> _Problem details_
Begin your copy at the line holding "Mauve Floral Tiered" and end it at the last line of the listing. Keep every line exact and leave out the pictures.

+--

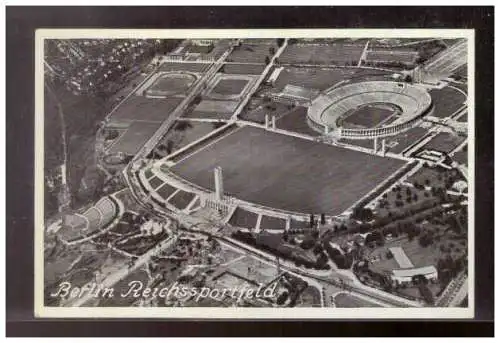 [Propagandapostkarte] AK (021558) Luftaufnahme Berlin Reichssportfeld, blanco gestempelt mit SST Berlin Reichswettkämpfe der SA 23.7.1939. 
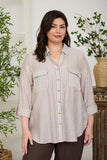 Curvy Stripe Collared Button Down Lightweight Shirt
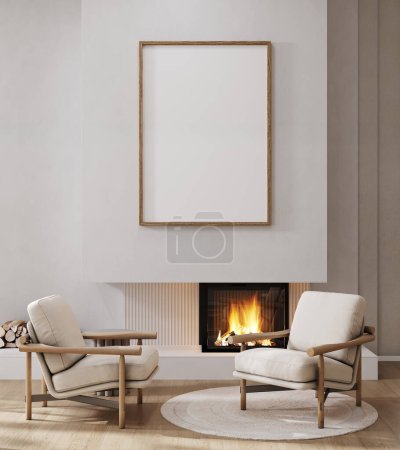 Foto de Marco de madera maqueta en el interior de la sala de estar minimalista con chimenea moderna, sillón y paredes de yeso beige, 3d render - Imagen libre de derechos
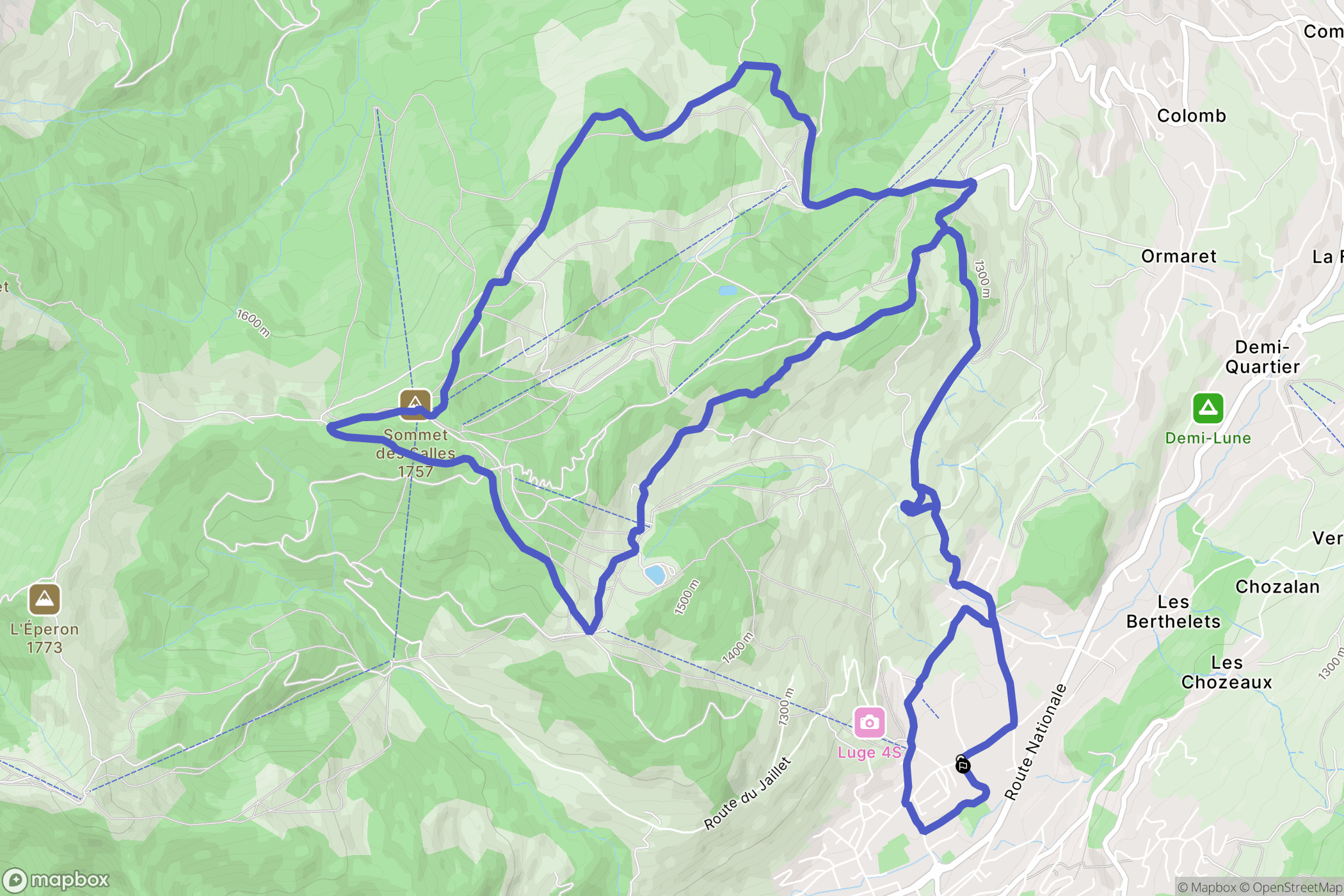 Megève : carte du parcours de randonnée - France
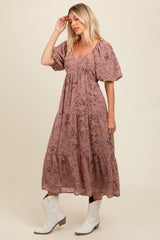 Mauve Floral Tiered Puff Sleeve Maternity Maxi Dress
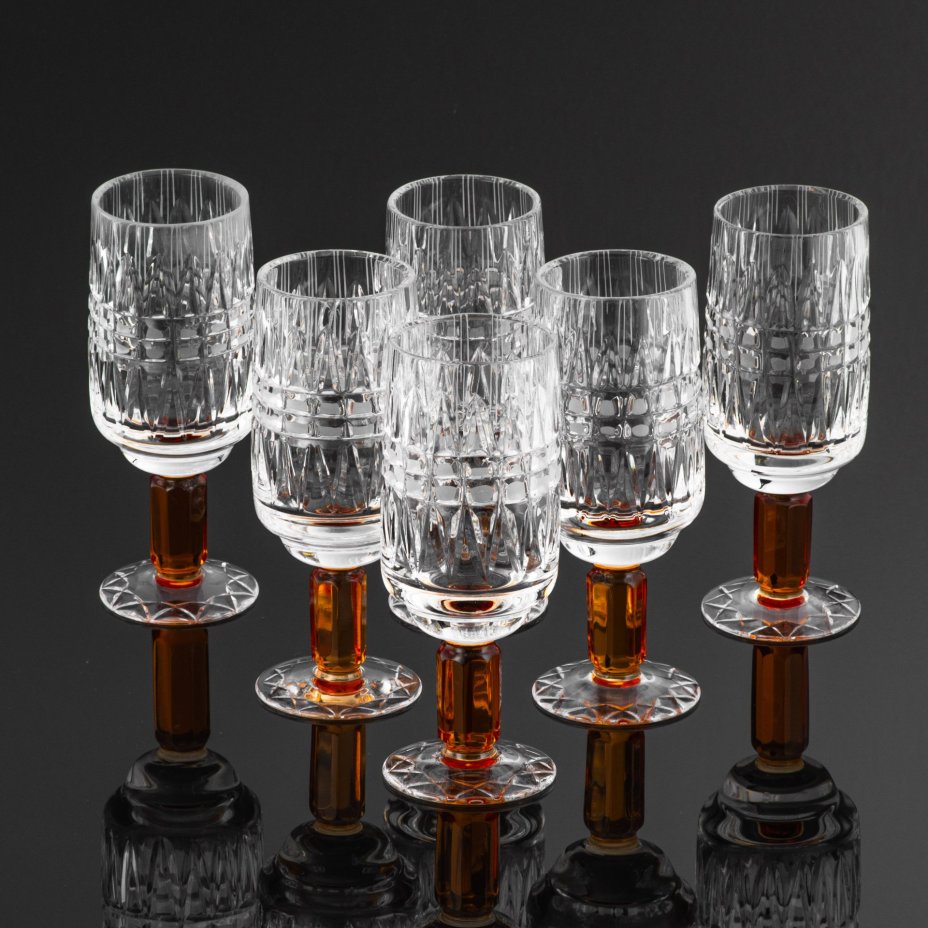 Набор из 6 бокалов "Олимпийские", автор Верин С.П., хрусталь, алмазная грань, Гусевской хрустальный завод (Гусь-Хрустальный), СССР, 1980 г.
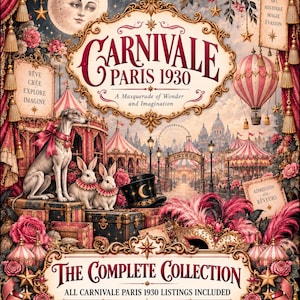 Paris Circus Carnival Junk Journal Kit, Printable Journal Pages, Digital Download, Ephemera Kit, Scrapbook Paper, Paper Collection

+--

> _Exercise result_
 Mauve Floral Tiered Puff Sleeve Maternity Maxi Dress
 Набор из 6 бокалов "Олимпийские", автор Верин С.П., хрусталь, алмазная грань, Гусевской хрустальный завод (Гусь-Хрустальный), СССР, 1980 г.
 Paris Circus Carnival Junk Journal Kit, Printable Journal Pages, Digital Download, Ephemera Kit, Scrapbook Paper, Paper Collection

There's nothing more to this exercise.